Understanding PXE Boot

What is PXE Boot?

The Preboot Execution Environment (PXE) specification describes a standardized client–server environment that boots a software assembly retrieved from a network on PXE-enabled clients.

Why PXE Boot?

• Simplify Pi provisioning and maintenance as much as possible.
• Automate updates/upgrades as much as possible.

Netbooting is a good path to achieve this. For example, when you netboot a Pi, it does not require an SD card to boot. The OS and file system live on a central server.
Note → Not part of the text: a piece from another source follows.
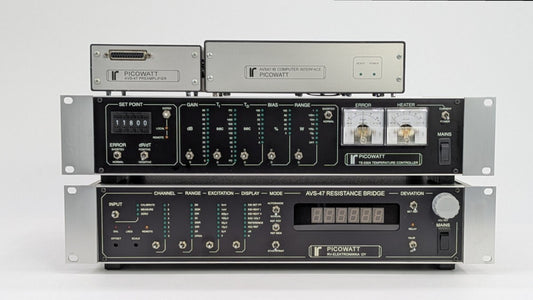AVS-47 Resistance Bridge + TS-530A Temperature Controller [1193962728]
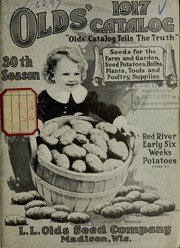 Cover of: Olds' 1917 catalog: 30th season : "Olds' catalog tells the truth"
Because most of the provisioning happens on a central server, we can eventually automate it via scripts.

PXE Boot Sequence

1. Power On Raspberry Pi (PXE Client):

   • The user powers on the Raspberry Pi device configured for PXE boot.

2. PXE Boot Initialization:

   • The Raspberry Pi initiates a PXE boot process and sends a PXE boot request (DHCPDISCOVER) to the network.

3. DHCP Server Response:

   • A DHCP server on the network receives the PXE boot request.
   • The DHCP server assigns an IP address to the Raspberry Pi and responds with DHCP offer (DHCPOFFER) containing network configuration details.

4. PXE Client Request to Main Router:

   • The Raspberry Pi, acting as a PXE client, sends a TFTP request for specific files (e.g., start4.elf) to the main router’s IP address.
   • The main router receives the TFTP request from the PXE client.

5. Router Redirects TFTP Request to PXE Server:

   • The main router, configured for PXE boot services, redirects the received TFTP request to the PXE server where the TFTP server is running.
   • The router forwards the TFTP request to the PXE server’s IP address.

6. PXE Server Response:

   • The PXE server, hosting the TFTP server, receives the redirected TFTP request from the main router.
   • The TFTP server on the PXE server responds with the requested file (e.g., start4.elf) to the PXE client (Raspberry Pi).

7. File Transfer and Execution:

   • The Raspberry Pi (PXE client) receives the requested file (start4.elf) from the PXE server’s TFTP server.
   • The Raspberry Pi executes the received file, which may be part of the initial boot process or firmware loading for the device.

8. Boot Process Continues:

   • Depending on the boot configuration and setup, the Raspberry Pi may continue to load additional files or components necessary for booting, such as bootloader configurations, kernel images, and initial RAM disks.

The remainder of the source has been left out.